When it comes to mid to late 1880s style, it’s easy for one to conjure up visions of dresses with severely sculpted lines that were largely defined by an extremely angular “shelf bustle.” Naturally, as with all fashions, they manifested themselves in both extreme and moderate versions but it was the more extreme versions that caught the attention of the press and assorted satirists. One of the most oft-repeated quips was “one could set a tea service on top of the bustle.”

Here’s just one example from an 1883 German humor magazine in which the women is likened to a Centaur:

bustle-satire-fliegende-bltter-magazine-1880s

From Fliegende Blätter; Band LXXVIII (1883), p. 147.

Interestingly enough, the above cartoon was made in 1883 when the bustle was re-emerging- perhaps they were ahead of the fashion curve? 😉

All joking aside, to a great degree, 1880s style was defined by the “shelf bustle” as shown in the picture below:

Evening Dress c. 1884 -1886

Evening Dress, American or European, c. 1884 – 1886, silk; The Metropolitan Museum of Art (C.I.63.23.3a, b)

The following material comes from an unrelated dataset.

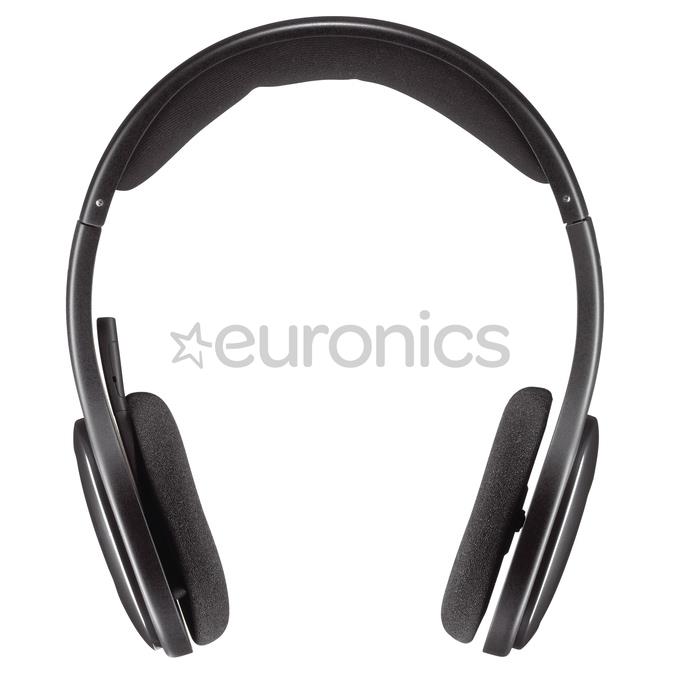 Juhtmevaba peakomplekt Logitech H800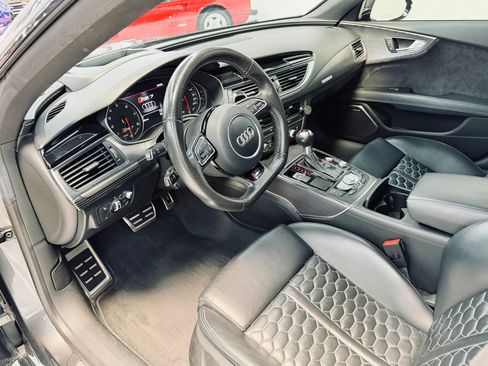 Used 2016 Audi RS 7 Prestige AWD/4WD image 4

Structure was everything in Victorian fashion and below are some examples on how the distinctive 1880s silhouette was created:

Bustle_c._1885

Bustle, c. 1885; Los Angeles County Museum of Art (M.2007.211.399)

Bustle 1884

Bustle, Steel Frame, c. 1884; Victoria & Albert Museum (T.131C-1919).

Bustle 1880s

Bustle, 1880s

Within the parameters created by the basic silhouette, there was a wide variety of possible styles. As a rule, day dresses were defined by an under and overskirt, one draped over the other, and these could either in complementary or contrasting colors and/or a solid color combined with a pattern or even two different patterns. As for bodices, this could either be  one solid unit or a combination jacket and waistcoat. The waistcoat could either be a separate garment or a faux waistcoat that has been integrated into the jacket to create a single bodice. Below are just some examples:

Godeys_Jan 1887

Godey’s Ladysbook, January 1887

In the above plate, on the left one can see a combination jacket/waistcoat styled bodice combined with with a solid colored overskirt covering a patterned underskirt. Interestingly enough, the waistcoat fabric matches the pattern on the underskirt. On the right, one can see a solid bodice trimmed with an embroidered panel that matches the pattern of the underskirt. At the same time, the pattern on the overskirt matches the basic fabric of the bodice. While there may be contrasts in fabric patterns, the do harmonize in the way that they’re both used on the skirts and the bodices. At the same time, the colors also harmonize even when they’re contrast colors.

As a rule, day dresses were defined by an under and overskirt, one draped over the other, and these could either in complementary or contrasting colors and/or a solid color combined with a pattern or even two different patterns. As for bodices, this could either be  one solid unit or a combination jacket and waistcoat. The waistcoat could either be a separate garment or a faux waistcoat that has been integrated into the jacket to create a single bodice.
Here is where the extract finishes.